A retired SEAL explains that during the rigorous training known as "hell week," "you stay up for 120 hours ... and you get about 3 or 4 hours sleep."
Here trainees swim with their hands bound behind their backs, a feat only excellent swimmers can pull off.
Fewer than 10,000 Navy SEALs have ever lived. But their influence on American war-fighting has been huge.
SEALs stands for sea, air, and land.
The SEALs now operate in a number of landlocked countries, like Afghanistan. It's a result of the force's long evolution.
Though they were not then called by that name, "the SEALs were born in World War II — of two oceans, for two kinds of demolition work."
In the Pacific, they cleared the way for amphibious landings by destroying underwater obstacles ...
... and they "blew open the gateway to Europe for D-Day."
For expertise in this type of unprecedented demolition work, the US Navy turned to Draper Kauffman, a nearsighted US Naval Academy graduate who had failed to gain commission, but had successfully disarmed a 500-pound bomb at Pearl Harbor.
Kauffman created the training program known as hell week in Fort Pierce, Florida. ""Every time you see guys lifting up a log, that started right here at Fort Pierce," as did "boat teams going out through the water," says Rick Kaiser, a retired SEAL Master Chief.
Alongside engineers, the Navy combat demolitions units that preceded the SEALs blasted open 5 of the 16 corridors drawn in the plans to invade Normandy. More than one in two NCDU members died in the effort.
In the Pacific, combatants known as "naked warriors" operated in advance of amphibious assaults, destroying obstacles and measuring the depth of the waters around them.
The covert Office of Special Services Maritime Unit used new scuba gear, submersible canoes to transport individuals, and even floating mattresses like the one pictured here.
In the Korean War, their services of the SEALs' predecessor groups would again be needed.
During the war, SEALS were sent to cut the cables mooring Soviet-supplied mines in Wonsan Harbor.
Korea marked the first time that SEAL-type operators moved their work inland — although they continued to carry out missions at sea.
In 1961, President John F. Kennedy would call for the creation for forces that could conduct "paramilitary operations, and ... unconventional wars." The next year, SEAL teams One and Two were born, stationed in California and Virginia.
Just ten days after their creation, some Navy SEALs were deployed in Vietnam in an advisory role before taking up arms themselves in 1966. "We had rules of engagement, but I recalled no restrictions whatsoever," says Rick Woolard, a retired SEAL captain. "In fact, it was a playground."

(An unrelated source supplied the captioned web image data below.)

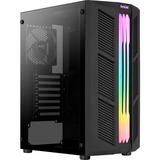 Aerocool Prime v1, Tower-behuizing Zwart | 2x USB-A 3.2 (5 Gbit/s) | 2x Audio | Window-kit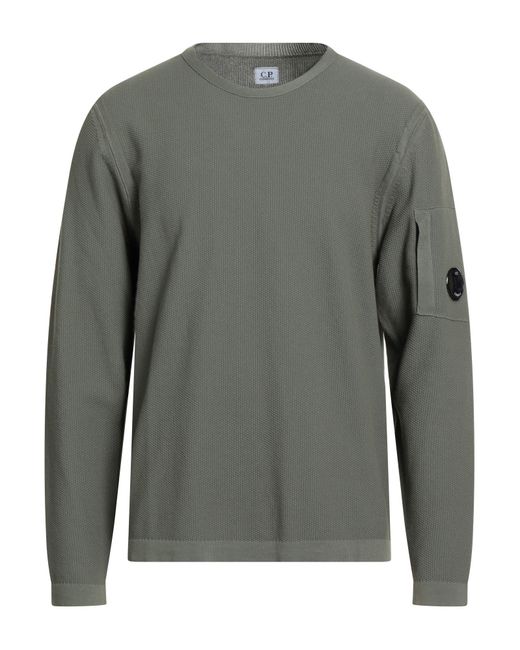 Company Military Sweater Cotton in Grey for Men Lyst UK
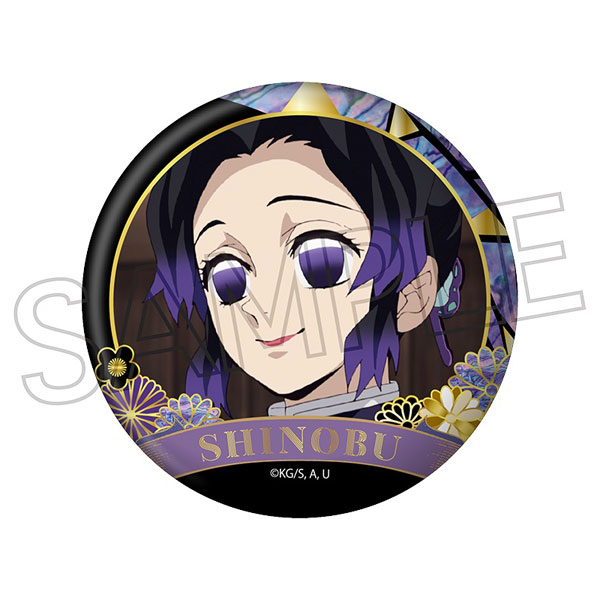 鬼滅の刃 セブンイレブン 缶バッジ 胡蝶 しのぶ セブンネット限定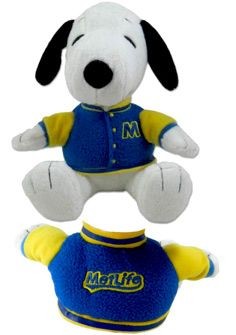 Met Life Plush Doll - Snoopy Letterman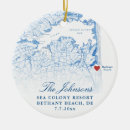 Search for beach wedding ornaments Navy blue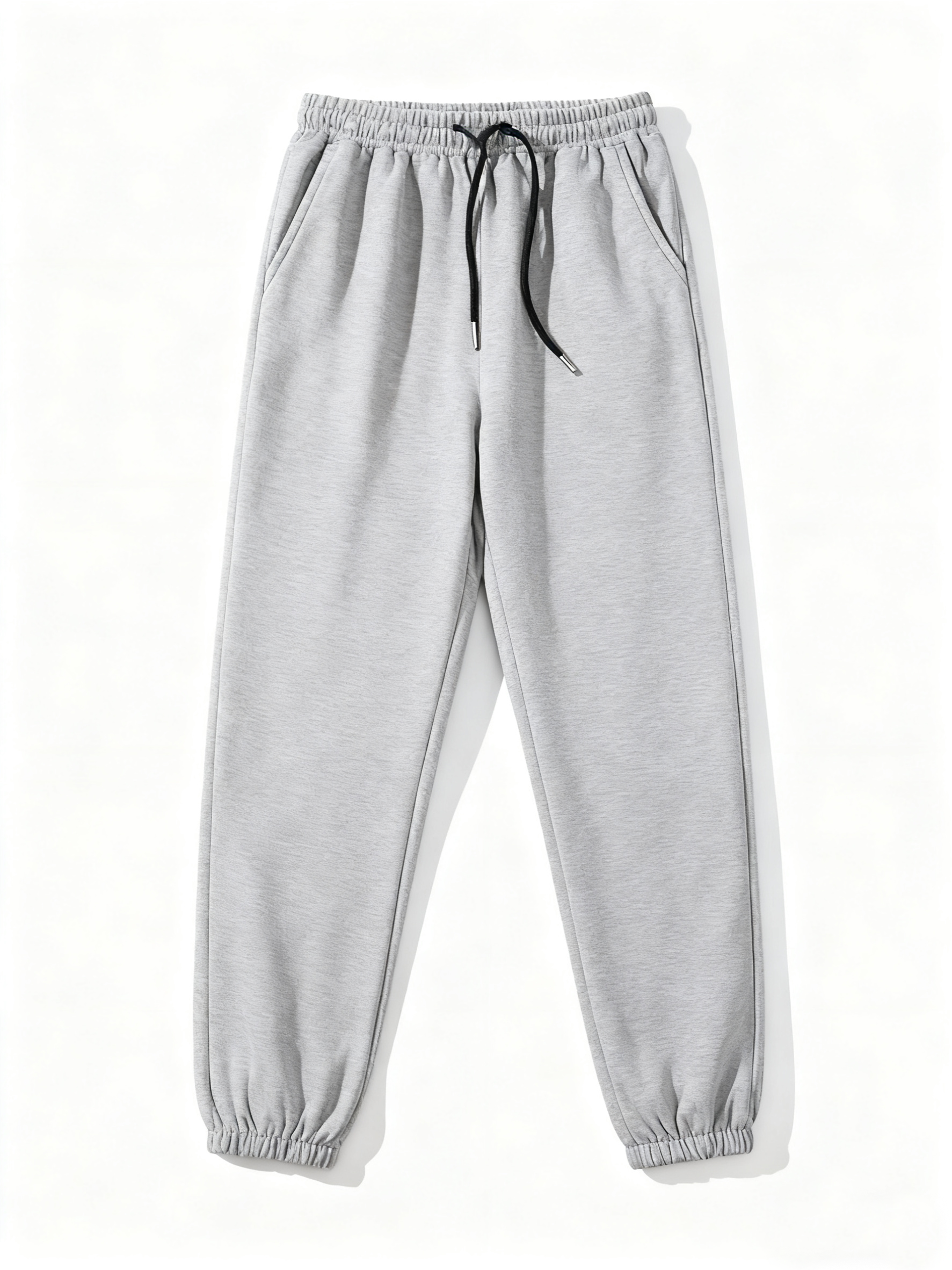 Men's Black & Gray Casual Loungewear Set - Effortless Style & Cozy Comfort for Everyday Wear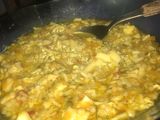 Sopa de pollo casera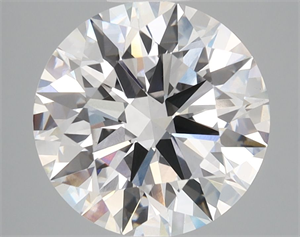 Picture of Lab Grown Diamond 3.56 Carats, Round with Ideal Cut, D Color, VVS2 Clarity and Certified by IGI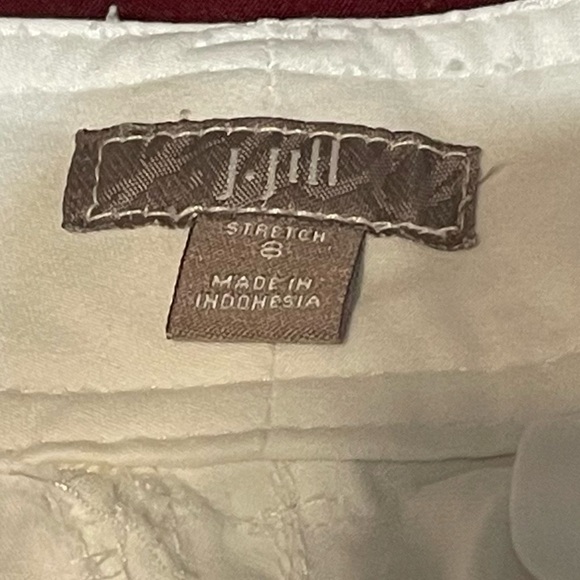 J Jill Woman's Strech Cotton Blend Pants Straight Leg Lightweight White Size 8 - Picture 6 of 12
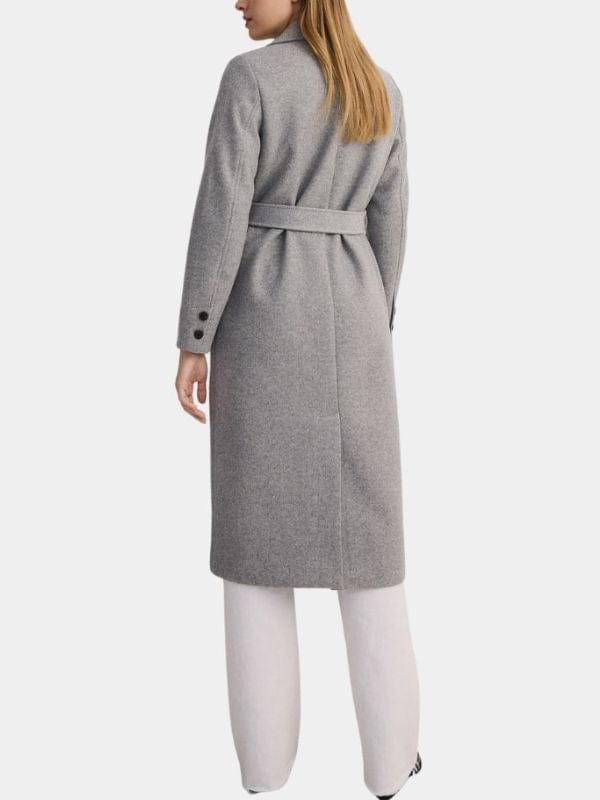 The Copenhagen Test Melissa Barrera Trench Coat Grey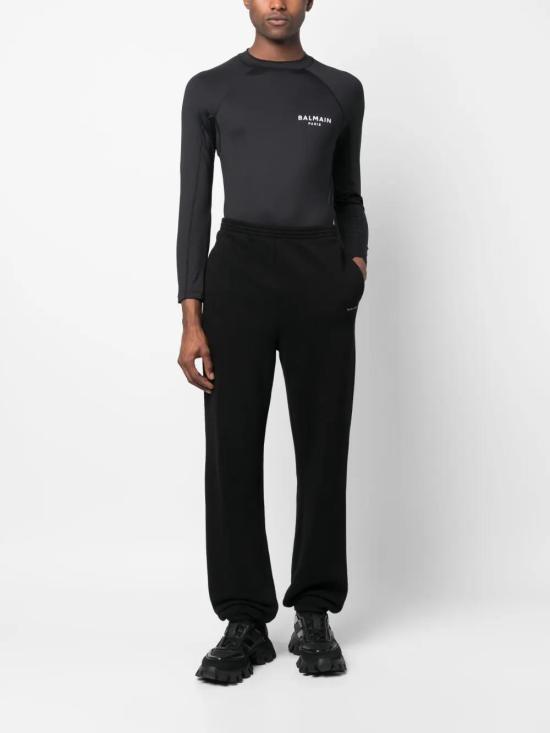  발망 긴팔 티셔츠 BWM020920 black - BALMAIN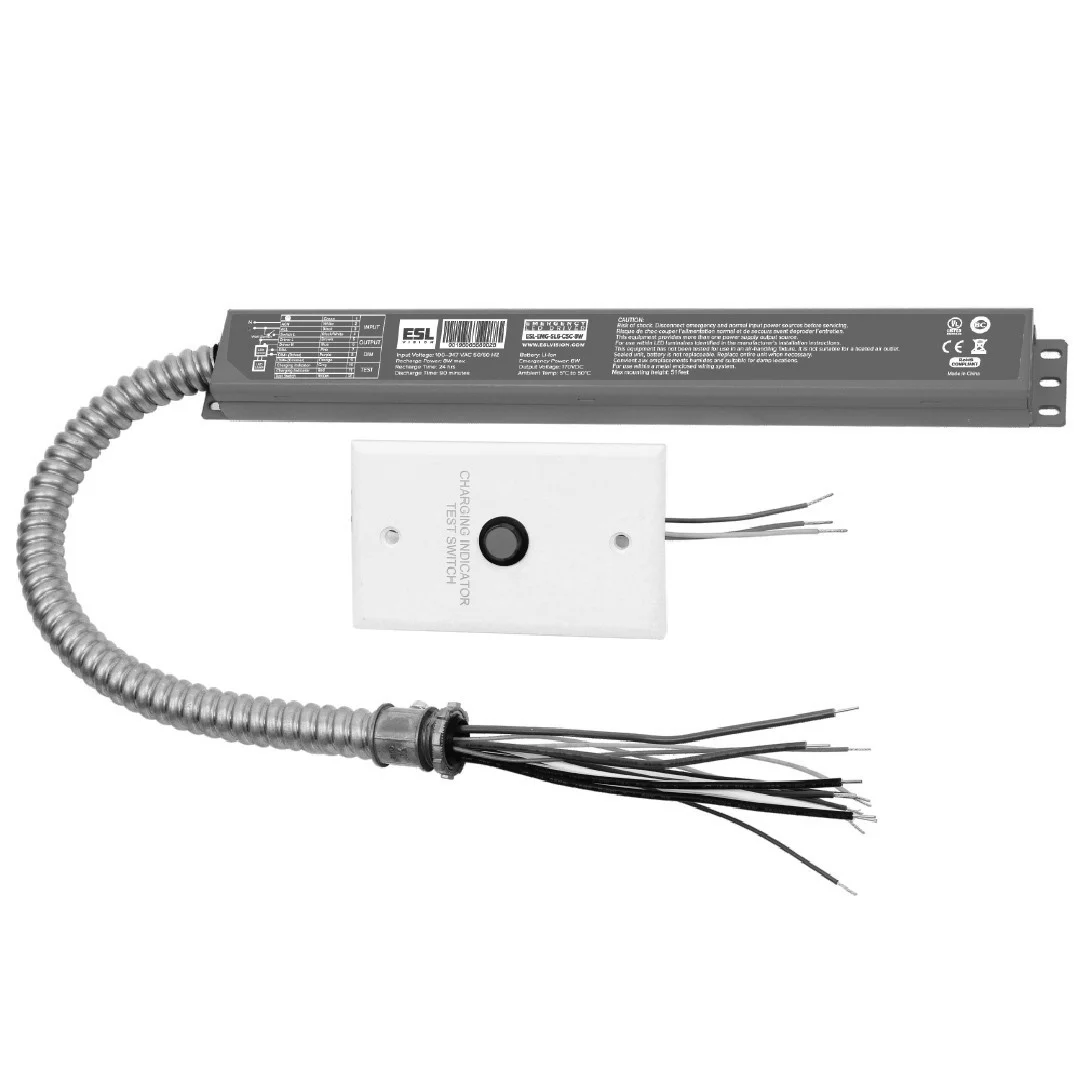 ESL Vision LED Emergency Driver, 40W, 100-347V, 0-10V/Non-Dimming Compatible, 90-Min Emergency Operation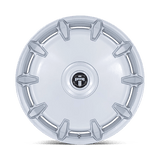 24X9 DUB 1PC DC271 CHEEF SILVER MACHINED 5X115/5X120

The Navy SEALs have their share of tragedies, too. In the invasion of Grenada in 1983, four US Navy SEALs died after parachuting in heavy winds and rain.
SEALs were also involved in the Black Hawk Down incident ten years later. The failure of the US mission in Somalia led to "the Mogadishu effect": the US withdrew it troops from the Horn of Africa, while "fear of public humiliation underscored many future US foreign policy decisions."
During the war in Afghanistan, however, a team of SEALs may have prevented a disaster. In late 2002, a team of SEALS was sent ahead of a group of helicopters in the restive Shahikot Valley, where they encountered a small group of Al Qaeda militants equipped with an anti-aircraft machine gun ...
They waited to open fire until just before the helicopters' approach, then called in a gunship to help them kill those that had fled — possibly saving the lives of the soldiers flying in behind them.
The documentary touches on one of the SEALs' most iconic operations: the raid that ended Osama bin Laden's life on May 2, 2011.
It recounts how 23 SEALs made a 90-minute trip aboard two prototype stealth helicopters to to bin Laden's compound in Pakistan. "On the third floor, they found and killed the world's most wanted terrorist."
For over 70 years, the SEALs and their predecessors faced the biggest military challenges that the times threw at them — whether it was destroying enemy ships and mines, or killing terrorists deep in enemy territory.